When I did my first prototype way back when, I called my pal Frankie to tell her all about it. Frankie is a trainer/instructor of 40 years, in many disciplines. She said a one-size-fits-all cover was impossible. “It can’t be done,” she said.
I changed it many times, calling her along the way. She kept saying, “I will never tell my students to buy that.” (She also said, “Don’t say ‘fits A/P and dressage,’ that’s so tacky.’”) I couldn’t catch a break from Frankie!

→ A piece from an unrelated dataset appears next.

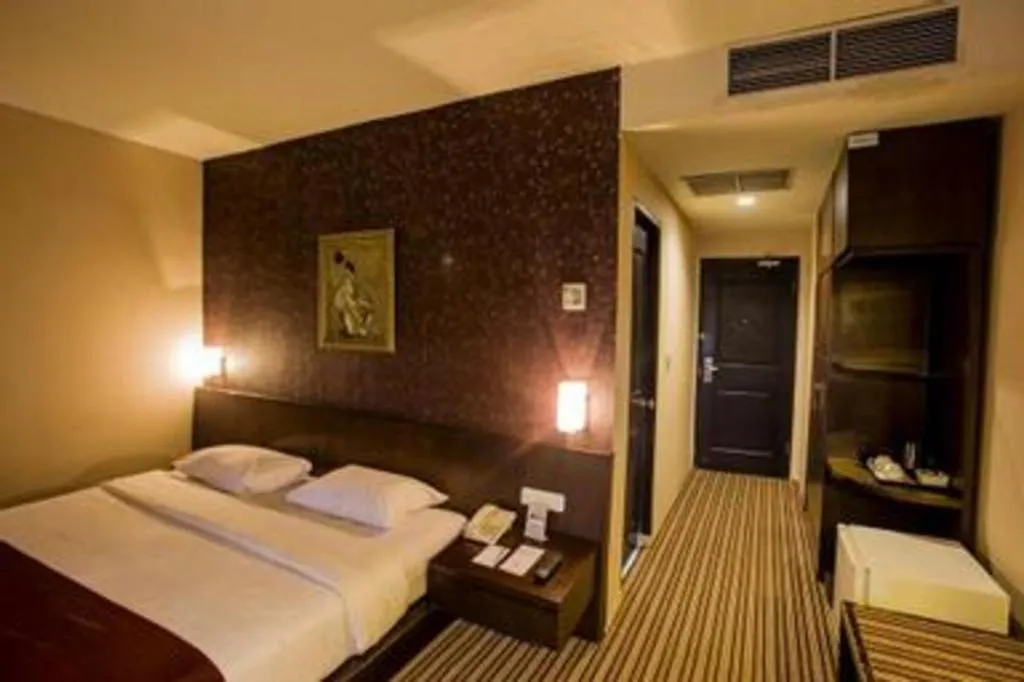 Bed in Kenari Tower Hotel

Finally, I went to her barn with my endlessly re-sized prototype. She was all ready to prove it would never fit her huge variety of saddles. But it did. She was suitably amazed. And apologized. We laughed. I was happy.

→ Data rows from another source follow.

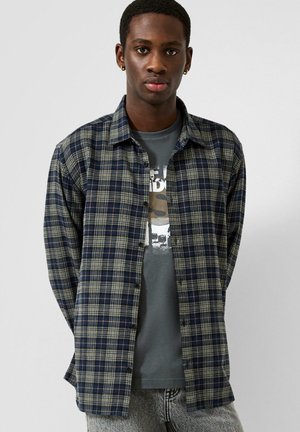 Jeune homme aux cheveux courts portant des boucles d'oreilles en anneaux dorés, un t-shirt graphique gris et une chemise à carreaux bleue et verte ouverte.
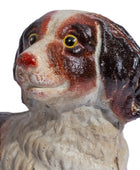 A ceramic dog figurine with a glossy brown and white glaze, featuring a white muzzle, dark brown ears, and yellow eyes, shown against a plain white background.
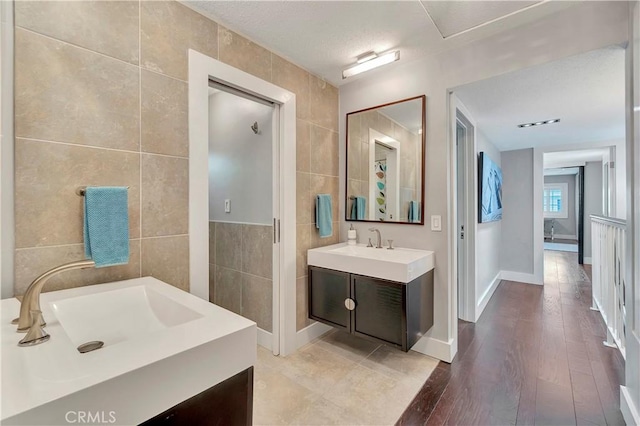 bathroom featuring vanity, hardwood / wood-style flooring, and tile walls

But… nothing is ever good enough for Frankie. “It’s not lined,” she said. “I still wouldn’t buy that.” I was about to cry. Or choke her. “You don’t get it,” Frankie said. “It has to be thicker. One place I worked, cats in the tack room would get up on the saddles to sleep. Sometimes they got into big fights and would leap from saddle to saddle, leaving horrid scratches. Major barn drama. I had my clients put a towel under their saddle covers, and life went on. But who wants to buy a fancy cover and have to stick a towel under it? Put a lining in it.” Sigh.
So, I lined it, added stirrup covers and a special Mono-Flat opening! She loved it. “I’m glad you like it,” I said. “Too bad you can’t have one. It’s off the market to you only.” We laughed. The end.